| Assigned task |
Which lines below contain "during"? Pull them out.

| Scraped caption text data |
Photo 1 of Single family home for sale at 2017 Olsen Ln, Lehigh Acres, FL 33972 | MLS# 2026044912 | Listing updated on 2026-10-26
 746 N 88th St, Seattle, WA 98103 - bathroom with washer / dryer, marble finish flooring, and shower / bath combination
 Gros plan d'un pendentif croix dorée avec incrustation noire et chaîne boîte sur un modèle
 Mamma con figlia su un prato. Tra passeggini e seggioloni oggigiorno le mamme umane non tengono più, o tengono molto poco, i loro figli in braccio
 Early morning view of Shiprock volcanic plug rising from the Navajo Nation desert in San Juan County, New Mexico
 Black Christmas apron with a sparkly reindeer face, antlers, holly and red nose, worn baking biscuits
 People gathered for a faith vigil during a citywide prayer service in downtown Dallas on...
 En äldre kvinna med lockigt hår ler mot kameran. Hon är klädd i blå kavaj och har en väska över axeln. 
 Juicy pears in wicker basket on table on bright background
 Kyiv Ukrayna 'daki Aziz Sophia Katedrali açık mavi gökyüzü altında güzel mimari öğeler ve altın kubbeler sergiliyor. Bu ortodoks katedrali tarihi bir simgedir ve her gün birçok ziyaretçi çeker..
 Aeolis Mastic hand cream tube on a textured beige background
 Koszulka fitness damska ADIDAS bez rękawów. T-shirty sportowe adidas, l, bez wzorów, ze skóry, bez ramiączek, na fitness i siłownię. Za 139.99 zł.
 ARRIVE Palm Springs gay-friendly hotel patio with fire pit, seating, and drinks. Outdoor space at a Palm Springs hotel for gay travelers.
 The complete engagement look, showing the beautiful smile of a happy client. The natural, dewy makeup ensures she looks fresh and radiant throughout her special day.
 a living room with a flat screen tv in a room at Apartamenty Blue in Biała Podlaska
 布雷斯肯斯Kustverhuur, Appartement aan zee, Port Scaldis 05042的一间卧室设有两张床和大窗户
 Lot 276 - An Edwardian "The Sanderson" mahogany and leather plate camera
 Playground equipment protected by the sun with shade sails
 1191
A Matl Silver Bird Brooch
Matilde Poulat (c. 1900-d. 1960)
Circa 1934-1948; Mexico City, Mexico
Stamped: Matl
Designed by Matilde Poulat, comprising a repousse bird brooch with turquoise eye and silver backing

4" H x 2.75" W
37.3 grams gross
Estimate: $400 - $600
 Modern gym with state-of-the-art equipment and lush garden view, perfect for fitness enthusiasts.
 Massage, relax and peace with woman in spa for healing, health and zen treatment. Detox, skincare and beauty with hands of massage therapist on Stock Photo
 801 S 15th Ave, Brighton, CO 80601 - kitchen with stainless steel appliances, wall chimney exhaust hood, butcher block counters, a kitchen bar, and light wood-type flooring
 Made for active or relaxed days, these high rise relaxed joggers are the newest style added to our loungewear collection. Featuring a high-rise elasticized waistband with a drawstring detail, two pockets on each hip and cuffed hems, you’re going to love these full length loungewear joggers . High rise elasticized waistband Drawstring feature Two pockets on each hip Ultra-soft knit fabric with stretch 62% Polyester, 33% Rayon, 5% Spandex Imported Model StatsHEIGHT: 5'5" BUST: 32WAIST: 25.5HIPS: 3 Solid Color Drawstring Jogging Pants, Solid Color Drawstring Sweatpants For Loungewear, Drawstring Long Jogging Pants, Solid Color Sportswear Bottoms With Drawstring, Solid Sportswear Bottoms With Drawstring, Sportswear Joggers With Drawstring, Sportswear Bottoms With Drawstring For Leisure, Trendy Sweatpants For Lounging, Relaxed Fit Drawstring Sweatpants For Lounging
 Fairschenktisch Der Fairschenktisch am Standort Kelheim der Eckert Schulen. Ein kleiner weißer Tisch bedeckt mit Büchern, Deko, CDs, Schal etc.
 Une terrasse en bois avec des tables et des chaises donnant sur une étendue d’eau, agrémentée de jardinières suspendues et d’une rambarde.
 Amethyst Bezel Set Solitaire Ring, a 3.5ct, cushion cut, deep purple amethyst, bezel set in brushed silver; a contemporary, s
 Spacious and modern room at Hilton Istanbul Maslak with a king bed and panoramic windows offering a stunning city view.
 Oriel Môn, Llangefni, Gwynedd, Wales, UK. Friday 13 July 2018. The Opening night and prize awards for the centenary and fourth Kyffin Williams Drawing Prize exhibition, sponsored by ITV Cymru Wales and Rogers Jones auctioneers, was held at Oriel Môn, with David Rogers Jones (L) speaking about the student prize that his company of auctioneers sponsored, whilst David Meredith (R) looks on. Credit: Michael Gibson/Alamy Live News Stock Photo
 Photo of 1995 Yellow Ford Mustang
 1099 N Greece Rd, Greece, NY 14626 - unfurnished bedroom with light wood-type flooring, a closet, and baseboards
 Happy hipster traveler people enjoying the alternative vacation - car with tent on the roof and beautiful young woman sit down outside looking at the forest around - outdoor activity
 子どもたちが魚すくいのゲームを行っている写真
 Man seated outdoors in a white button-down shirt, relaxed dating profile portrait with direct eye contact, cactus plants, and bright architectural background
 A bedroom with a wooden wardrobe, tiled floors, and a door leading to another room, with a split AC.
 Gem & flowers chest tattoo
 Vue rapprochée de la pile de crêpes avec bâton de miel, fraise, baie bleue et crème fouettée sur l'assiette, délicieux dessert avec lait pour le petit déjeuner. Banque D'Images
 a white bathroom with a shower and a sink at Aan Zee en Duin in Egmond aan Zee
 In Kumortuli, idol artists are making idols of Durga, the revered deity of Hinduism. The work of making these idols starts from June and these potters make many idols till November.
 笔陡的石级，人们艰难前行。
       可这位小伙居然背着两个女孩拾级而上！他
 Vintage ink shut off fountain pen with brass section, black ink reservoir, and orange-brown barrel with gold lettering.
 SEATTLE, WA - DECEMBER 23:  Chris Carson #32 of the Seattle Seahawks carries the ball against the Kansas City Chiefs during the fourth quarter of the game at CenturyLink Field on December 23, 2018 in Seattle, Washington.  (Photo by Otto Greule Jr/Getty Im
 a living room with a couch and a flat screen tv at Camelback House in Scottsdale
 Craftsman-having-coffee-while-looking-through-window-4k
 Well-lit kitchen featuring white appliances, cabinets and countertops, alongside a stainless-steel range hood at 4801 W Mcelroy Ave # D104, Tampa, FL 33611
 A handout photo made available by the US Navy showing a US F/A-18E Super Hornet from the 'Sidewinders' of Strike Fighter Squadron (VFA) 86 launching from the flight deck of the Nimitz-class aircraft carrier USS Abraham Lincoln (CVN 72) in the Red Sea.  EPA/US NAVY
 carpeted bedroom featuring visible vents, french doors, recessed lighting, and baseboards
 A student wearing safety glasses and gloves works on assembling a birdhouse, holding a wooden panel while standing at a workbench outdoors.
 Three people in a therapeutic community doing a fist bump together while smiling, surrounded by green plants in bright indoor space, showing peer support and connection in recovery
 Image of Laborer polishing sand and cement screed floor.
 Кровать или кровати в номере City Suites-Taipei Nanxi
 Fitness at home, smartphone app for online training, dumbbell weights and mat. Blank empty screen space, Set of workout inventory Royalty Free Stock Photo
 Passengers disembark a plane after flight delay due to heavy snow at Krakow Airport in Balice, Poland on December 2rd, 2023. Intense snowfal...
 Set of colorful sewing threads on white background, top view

| Response to this task |
 People gathered for a faith vigil during a citywide prayer service in downtown Dallas on...
 SEATTLE, WA - DECEMBER 23:  Chris Carson #32 of the Seattle Seahawks carries the ball against the Kansas City Chiefs during the fourth quarter of the game at CenturyLink Field on December 23, 2018 in Seattle, Washington.  (Photo by Otto Greule Jr/Getty Im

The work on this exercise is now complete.